Data for the task: Begin

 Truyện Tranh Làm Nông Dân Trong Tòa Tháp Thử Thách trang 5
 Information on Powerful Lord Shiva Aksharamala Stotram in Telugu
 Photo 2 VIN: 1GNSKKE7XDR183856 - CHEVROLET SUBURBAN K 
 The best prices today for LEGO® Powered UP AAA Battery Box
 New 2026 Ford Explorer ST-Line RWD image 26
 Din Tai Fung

Data for the task: End
Data for the task: Begin

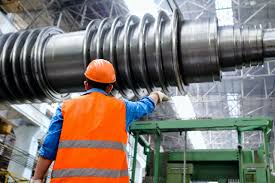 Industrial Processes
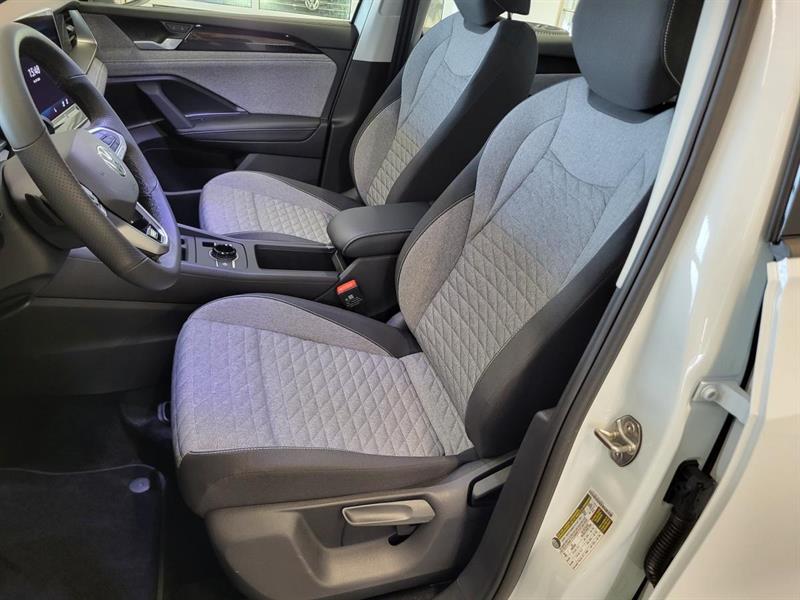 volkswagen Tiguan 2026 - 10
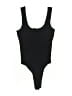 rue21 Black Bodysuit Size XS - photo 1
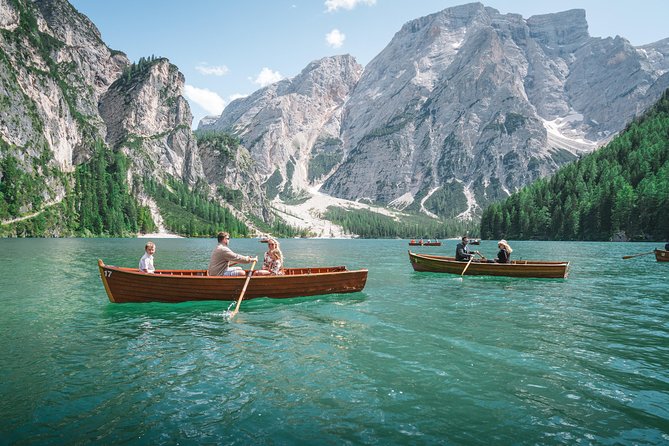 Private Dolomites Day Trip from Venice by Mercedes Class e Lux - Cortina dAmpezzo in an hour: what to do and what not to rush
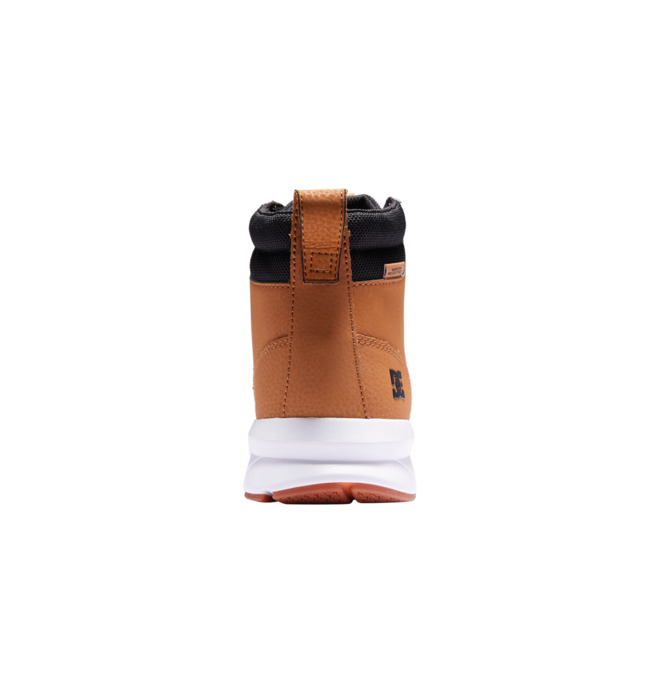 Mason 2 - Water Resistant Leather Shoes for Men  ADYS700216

Data for the task: End

Task details: Transcribe, exactly and without additions, the lines of the records above, beginning with the line that contains "Information on Powerful" and ending with the line that contains "Din Tai Fung", both included.

Task result:
 Information on Powerful Lord Shiva Aksharamala Stotram in Telugu
 Photo 2 VIN: 1GNSKKE7XDR183856 - CHEVROLET SUBURBAN K 
 The best prices today for LEGO® Powered UP AAA Battery Box
 New 2026 Ford Explorer ST-Line RWD image 26
 Din Tai Fung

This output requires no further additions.